I have no planes with lights. I could have put lights on – and one pilot did actually get some lights for the evening – but I was pretty sure that flying at night, at my skill level, was a good way to end up down a plane. I ended up down a plane anyway, sort of, but not because of flying at night!
The other pilots did a great job. One lost control of his plane and we had to do a recovery to get it, but it was just system communication error, the best we can tell; he’s one of the better pilots in the club, and it happens to the best of us.
I flew four flights: three on my own battery, one with a borrowed battery.
The first flight was in moderately heavy winds; I kept the receiver on a fairly assistive mode, because there’s no way I had the skill level to fly in those winds. I had to keep the throttle really high to head into the wind, which made landing .. interesting. But it was a successful flight.
My second flight was in calmer winds (the winds were dying down as we went into the evening). That one, I put it into intermediate mode – which is some assistance but not as much – and stayed there for most of the flight. (I took off in basic mode, because I wasn’t sure what the winds were going to do, and switched to intermediate soon after.)
For the third flight, one of the other more experienced pilots had challenged me (very very gently) to fly in expert mode. The winds were calm, and I’d had a pretty good flight day so far, I was zeroed in and unafraid to fall back to assisted mode at need, so I figured… why not? Once I got it in the air, I switched it to expert mode, did a few rolls and loops (they’re fun!), and brought it in for the landing, all on expert mode. The landing was bouncy, but successful. For a relatively new pilot landing on hard mode, I was satisfied.
That was my last battery.
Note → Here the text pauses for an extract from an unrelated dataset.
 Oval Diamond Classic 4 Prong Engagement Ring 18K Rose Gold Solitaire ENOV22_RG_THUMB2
The pilot said he’d spot me a charged battery for another flight while we still had light, and who am I to turn that down? Nobody, that’s who.
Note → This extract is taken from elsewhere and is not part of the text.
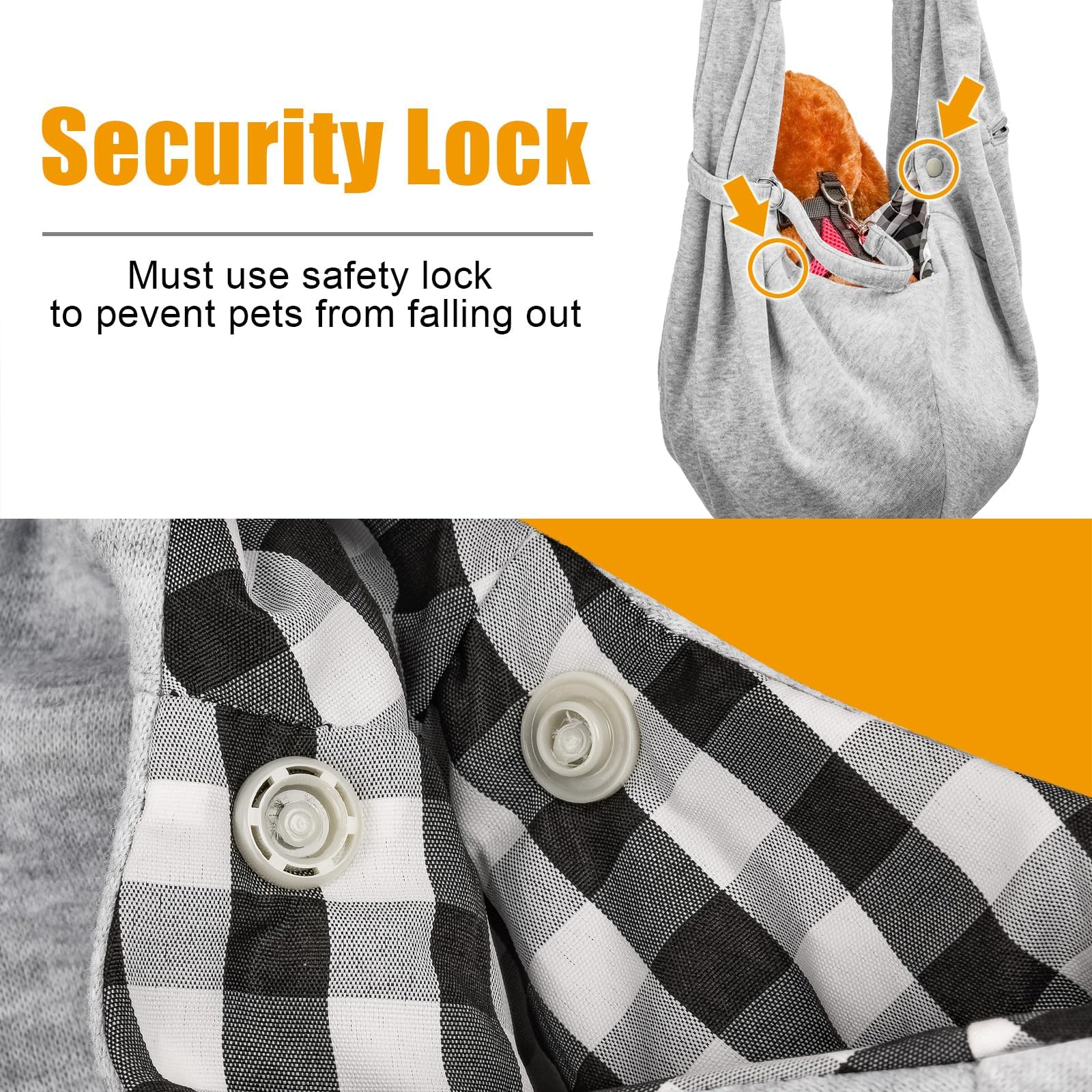 TOMKAS grey sling worn by model for hands-free errands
The last flight generally went the same way as the third flight did. Overall, it went pretty well, but I was making an approach for a landing, and lost distance on the plane; I flew behind the treeline and, well, straight into a tree. I ended up spending most of the rest of the evening trying to get the plane back on the ground.
We managed – as a group effort – and the plane’s tail is detached, but it was a clean break and should be really simple to fix. It’ll be back in the air tomorrow, with any luck at all.
Fun day of flying! The plane didn’t quite make it back in one piece, but as I understand it, I wasn’t even in the top three of the worst crashes of the week, and it really does look like a simple repair.